After the Rechtwijzer Energizer

Roger Smith has announced the end of Rechtwijzer 2.0, or rather the partnership between HiiL, Modria and the Dutch Legal Aid Board which brought us a cheap, well-designed, online dispute resolution platform. It garnered particular attention and praise for its divorce and separation platform. The basic structure of the system (intake of clients through managed pathways, online negotiation and mediation followed by online adjudication) is common to online dispute resolution generally, and in particular proposals for the online court in this country. This is a crucial moment for online dispute resolution and the public interest.

For those not familiar with it, there is a neat description in the Law Society’s innovation report (which reminds us that a version of Rechtwijzer has been operating since 2007):

An advanced version of the original platform, Rechtwijzer 2.0 is an online-based dispute resolution platform that supports people throughout their justice journey; the first implementation was launched at end of 2014. Rechtwijzer 2.0 is the first ODR platform for difficult problems such as divorce and separation, landlord-tenant disputes and employment disputes. The platform allows people to manage the process and desired outcome in their own home, using their own words and at their own pace. This puts the user in control when working towards an effective solution that safeguards their interests.

Through the platform, individuals can learn about their legal options while receiving support for an interest-based dialogue between the people involved. When users need more than this, Rechtwijzer 2.0 provides mediation, adjudication, and a neutral review of all agreements. Couples pay €100 for access to Rechtwijzer, which starts by asking each partner for their age, income, education, and other information, then guides them through questions about their preferences. Couples with children, for example, are asked whether they are seeking sole or joint custody. The platform uses algorithms to find points of agreement, then proposes solutions. There’s a tool to calculate child support and software for drafting agreements. Couples can request a professional mediator for an additional €360 or, if talks break down, a binding decision by an adjudicator, that happens in about 5% of cases.

I had the privilege, for a while, of being on HiiLs research Rechtwijzer board. They are an imaginative, energetic, practical and determined group. Rechtwijzer was, to my mind, well-designed and thought through. It took the basic truths of collaborative negotiation and the elegance of design thinking to produce a package which has fired imaginations of policymakers and new legal service types worldwide. If the old ways of doing things were too expensive, then the new ways probably looked like Rechtwijzer.

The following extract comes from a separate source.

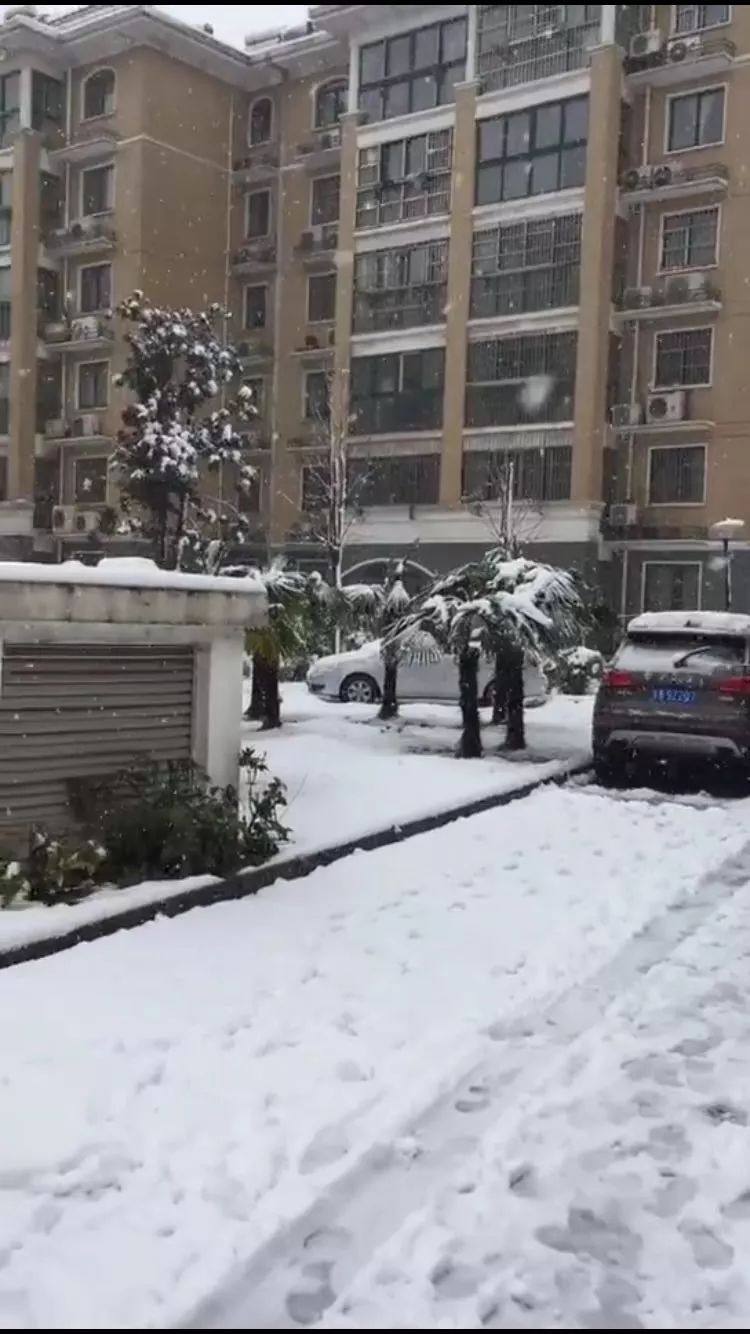 【大厂雪景】2018年的第一场大雪,让大厂的小伙伴们激动坏了!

Roger suggests that things got difficult for commercial reasons. Hiil/Modria could not sell the system abroad and raise revenue that way. The Dutch government, Roger suggests, backed off from investing when investment might have helped them scale up. One can see the logic here, but I also suspect there was a more fundamental problem. I think it is because of what we learn from this one sentence in the Law Society report:

[Rechtwijzer] handles about 700 divorces yearly.

There are about 65,000 divorces in the Netherlands annually. So that’s about 1% of all Dutch divorces (my own information suggests Rechtwijzer may have been handling slightly more than that but not enough to make a big difference). That’s a small part of the market and a small footprint on which to fund the development of the site and the involvement of professional mediators and adjudicators. The Dutch government would need to be persuaded that they were making savings on other bits of the legal aid scheme as a result. Perhaps more importantly, is also raises the important question, why so few users? Maybe the Dutch legal aid board did not invest enough in publicising and encouraging people into the scheme. Maybe, users do not trust an online system or see the value in a system which depends upon a degree of collaboration from both parties. Maybe, the alternatives are relatively appealing and all perceived as good value for money. Maybe they are good value for money, in relative terms. I speculate without information. That absence of information is important.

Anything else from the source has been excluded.